Proving a function is discontinuous on Q and continuous on R\Q

[michael.wes]

I have cast my post in LaTeX here:

http://www.michaelwesolowski.com/asdjhf.pdf

Any and all help is appreciated!

 

[Dick]

Don't use the hint directly if you find it's confusing to use it. If f(x)>=1/M then that means x=n/m where m<=M, right? For x in (0,1) that's a finite set of n/m for a given M. So min(|alpha-n/m|) is greater than 0 if alpha is irrational since the set is finite. Use that to construct an easy epsilon delta argument.

 

[michael.wes]

I'm still spinning my wheels for the first part.. but I will ask my next substantive question now.

We need to show that $$f(x_n)\rightarrow f(\alpha) = 0$$ for all sequences $$x_n, \ where \ x_n \rightarrow\alpha \ as \ n\rightarrow\infty$$ in order to prove continuity on R\Q. I didn't ask this in the original post: why is it sufficient to consider all rational sequences only? Irrational sequences obviously don't need treatment, as their image is zero and thus they converge to zero immediately.

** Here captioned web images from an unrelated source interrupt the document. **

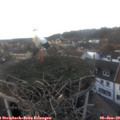 16_25-nest.jpg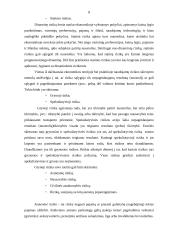 Rizikos valdymas ir draudimas 8 puslapis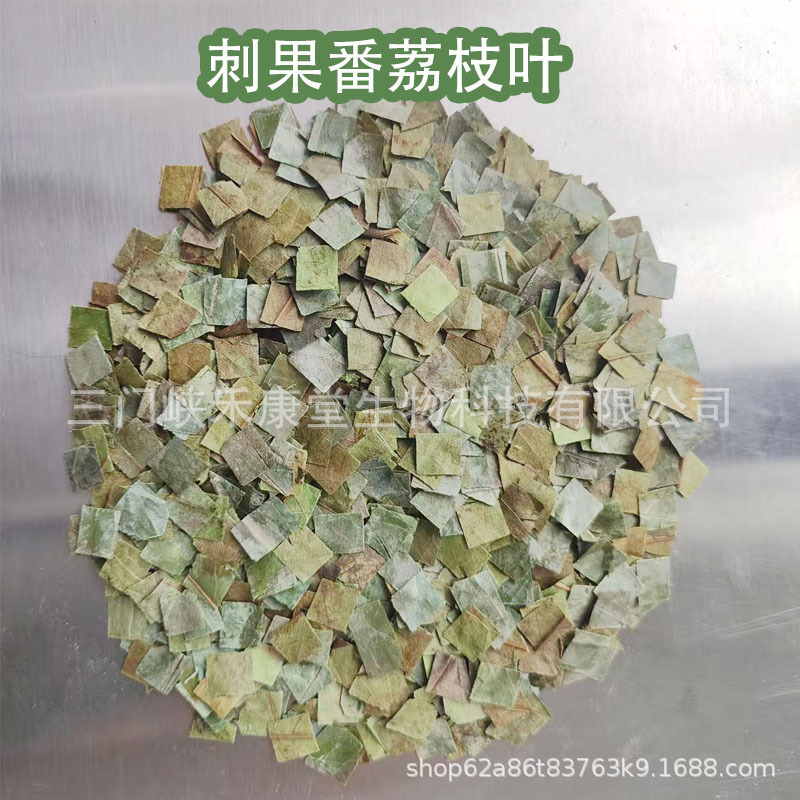 Graviola Leaves, Soursop Leaves, Premium Dried Leaves, Red Durian Dried Leaves Tea, Graviola Leaves, Soursop Leaves
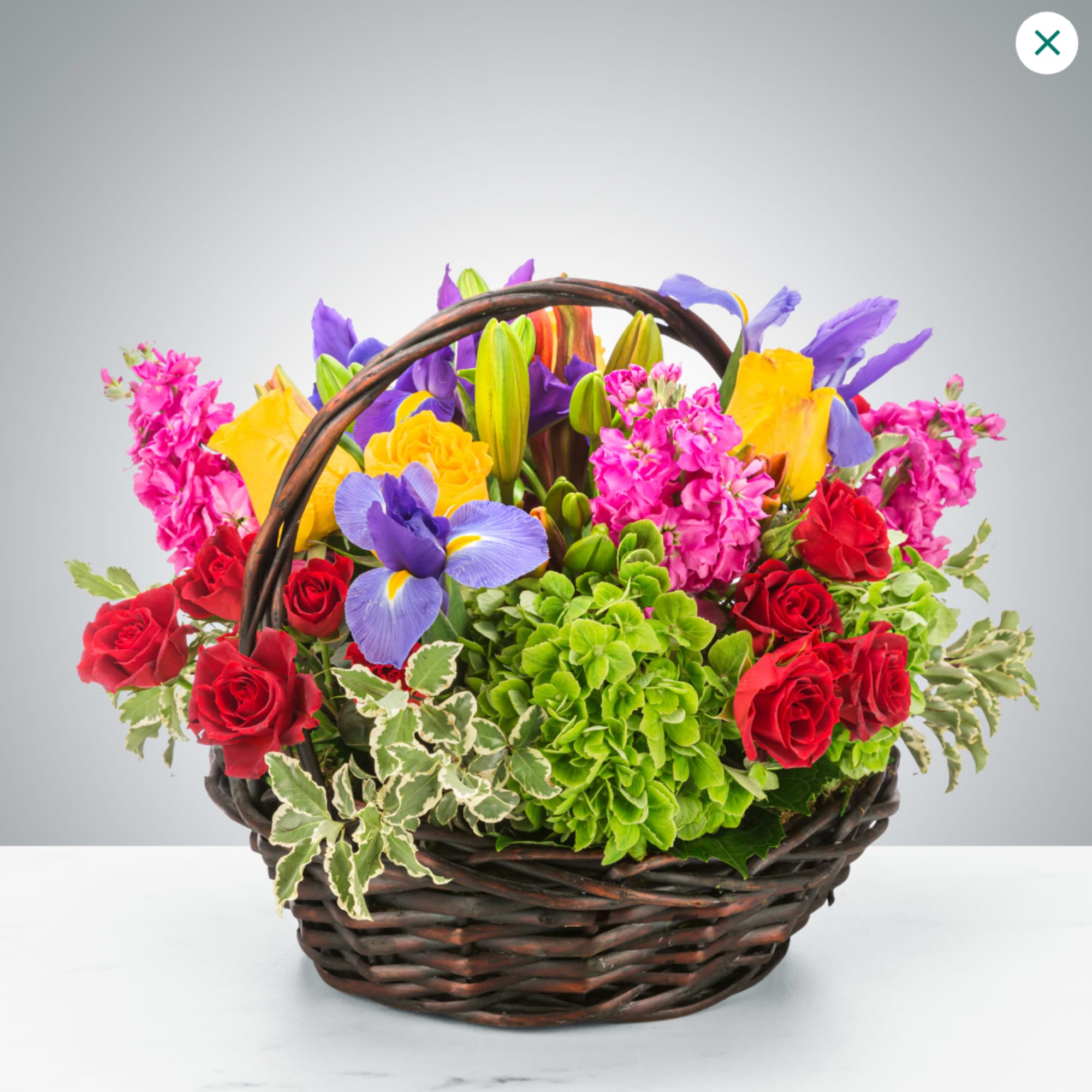 For the color lover in your life! Featuring 6 different types of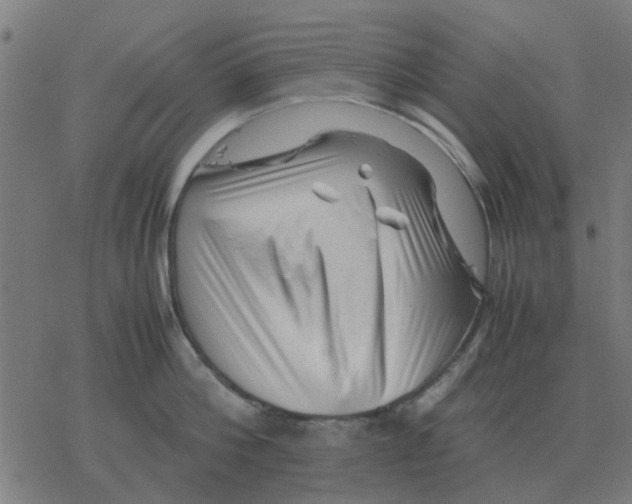 X0000077390812200611101753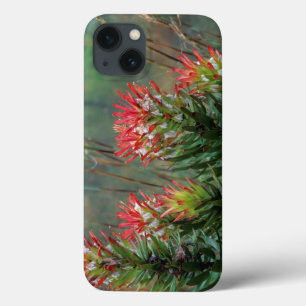 Common Mimetes (Mimetes Cucullatus) iPhone 13 Case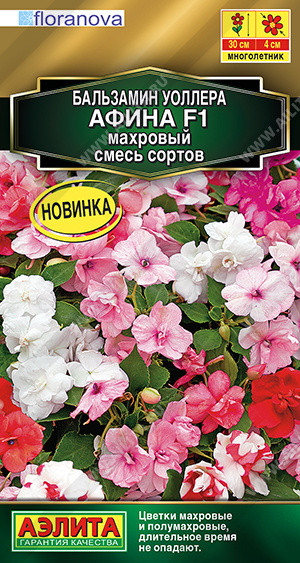 Бальзамин Уоллера махровый «Афина F1» | Аэлита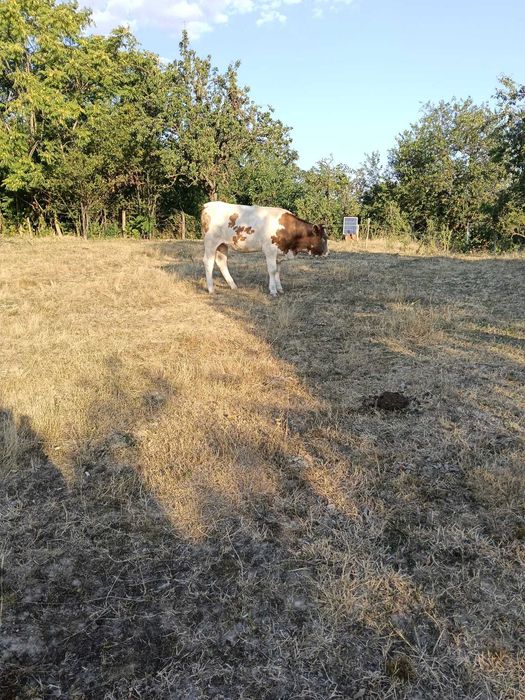 Vaci de vanzare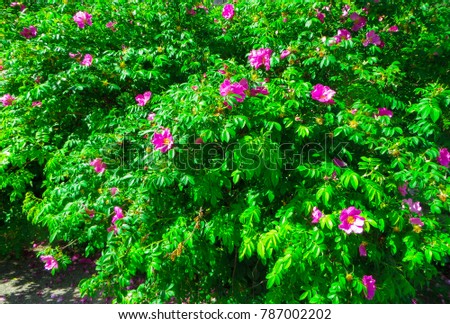 Rose hip bush strewn with pink flowers.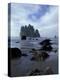 Sea Stacks and Sea Stars on Second Beach, Olympic National Park, Washington, USA-Jamie & Judy Wild-Premier Image Canvas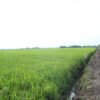 Bekasi Normalisasi 3 Sungai, 2.500 Hektare Sawah Terdampak Positif!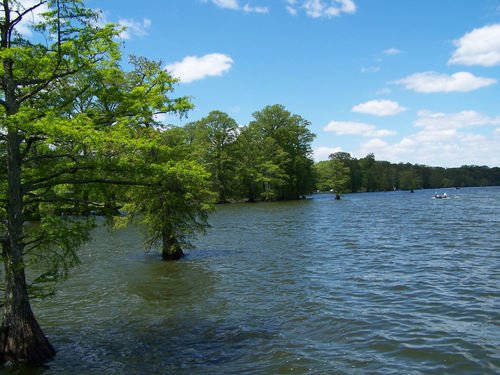 reelfoot lake expression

But aren't there sequences that have not all rational and not all irrational for all natural numbers n? I can't think of any that would converge to an arbitrary irrational number, but consider $$x_n=1/(\sqrt{2})^n$$. With a little work we can show this converges to zero (rational), but alternates between rational and irrational numbers.

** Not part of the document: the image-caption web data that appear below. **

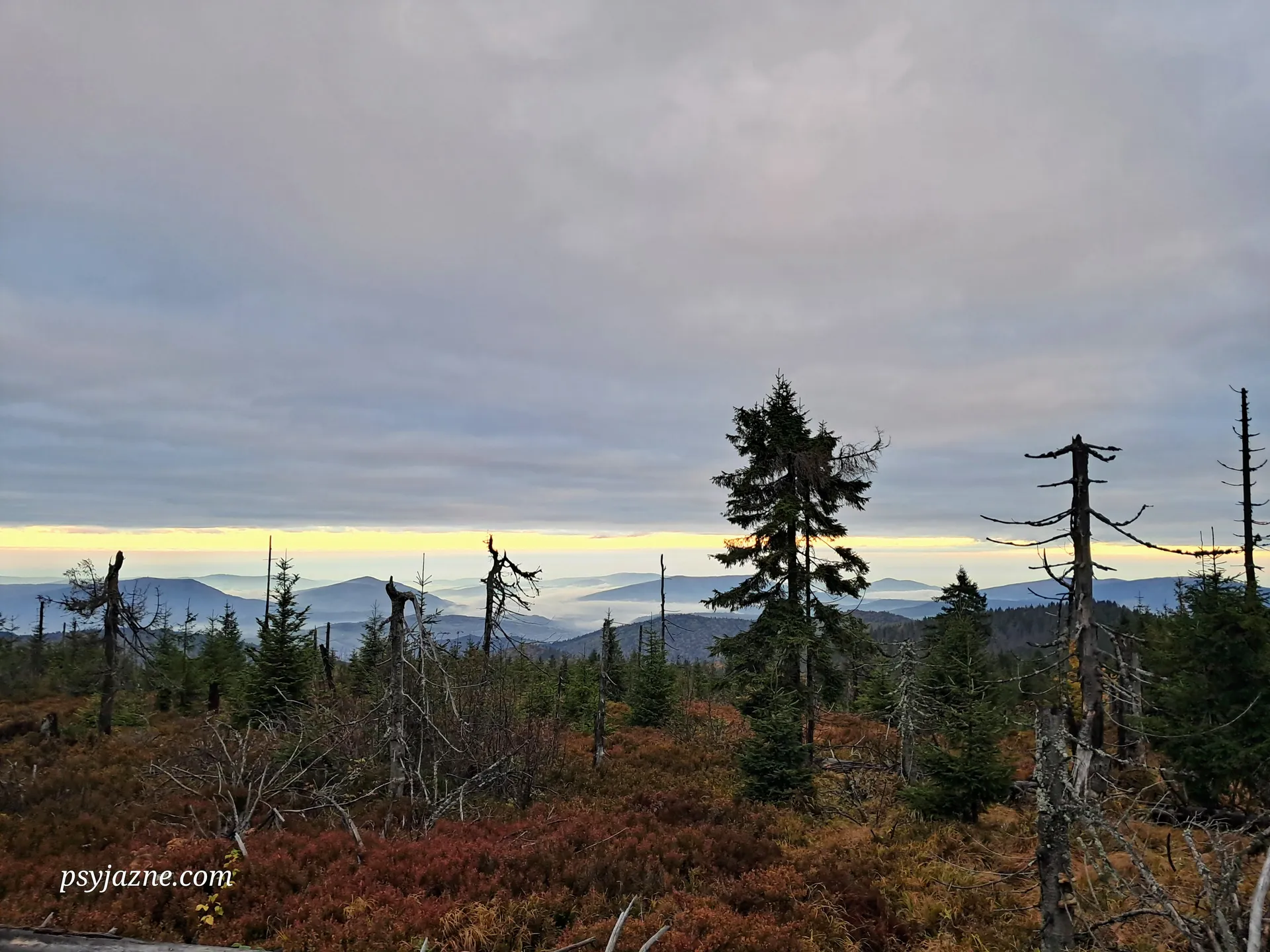 Widok z Turbacza na Beskid Wyspowy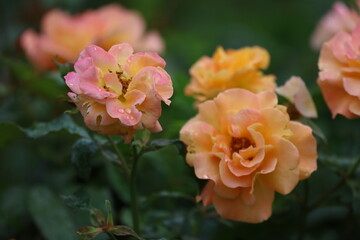 Floribunda Rose with Water Droplets on Petals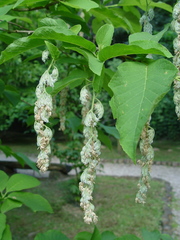 Pterostyrax hispidus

Another example: we know that the sum of a rational and an irrational is irrational. Consider the sequence $$x_n=\frac{1+((-1)^n+(-1)^{2n})\sqrt{2}}{n}$$. This sequence also converges to zero, but alternates between rational and irrational numbers.

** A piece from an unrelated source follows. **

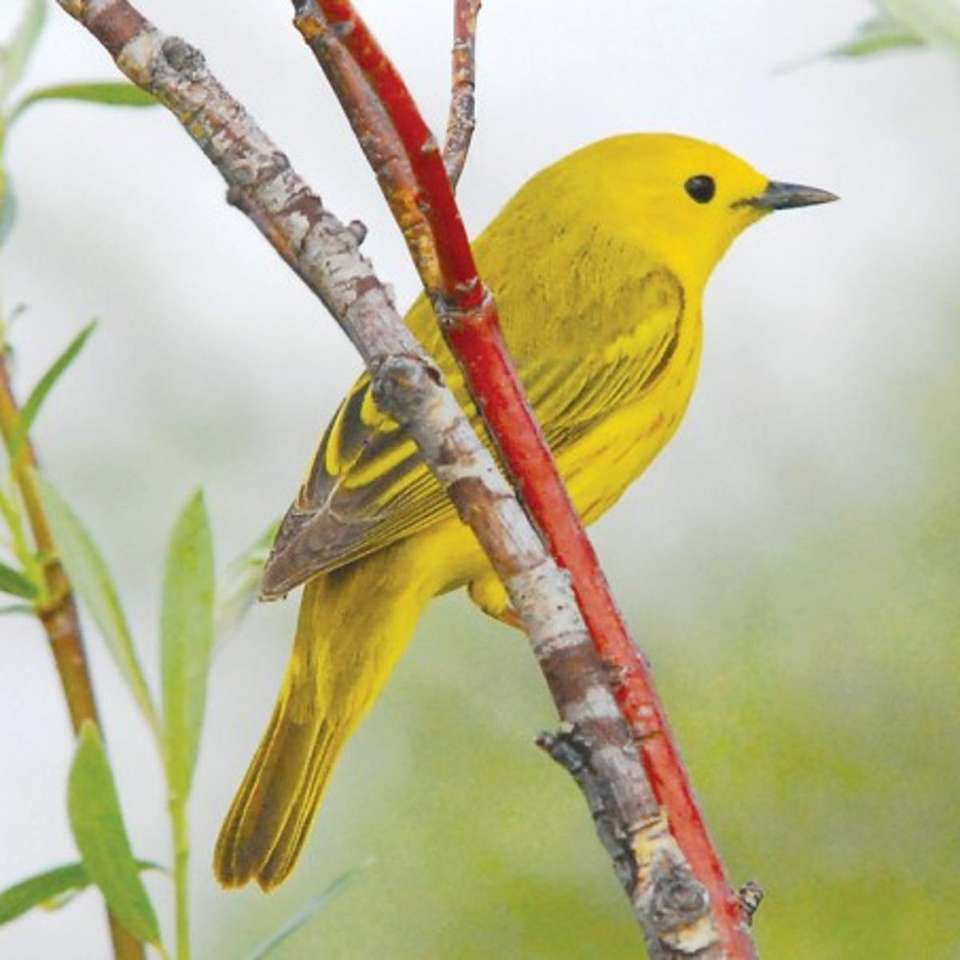 Pássaro amarelo quebra-cabeças online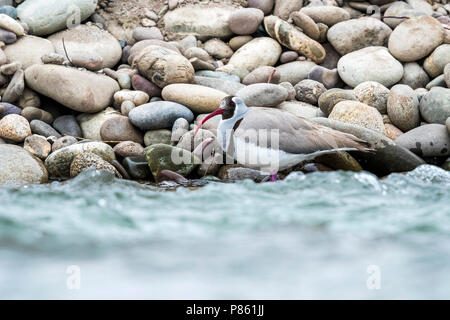 Nach winter Gefieder Poloschaf auf felsigen Ufer des Indus, Ladakh, Indien sitzen. Februar 2017. Stockfoto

My point is: is there an error of omission? I realize there are pure irrational and pure rational subsequences to each of these examples, but they still make me think about whether we only need consider rational sequences overall.

 

[Dick]

If you are going to do it by sequences, you need to consider ALL sequences. As I said before, there are are only a finite number of points of the form n/m in (0,1) where m<=M for some fixed M. For any other point x, f(x)<1/M be it rational or irrational. If you take delta to be the minimum of |alpha-n/m| then any point within a distance of delta from alpha must have a value of f less than 1/M. Does that help?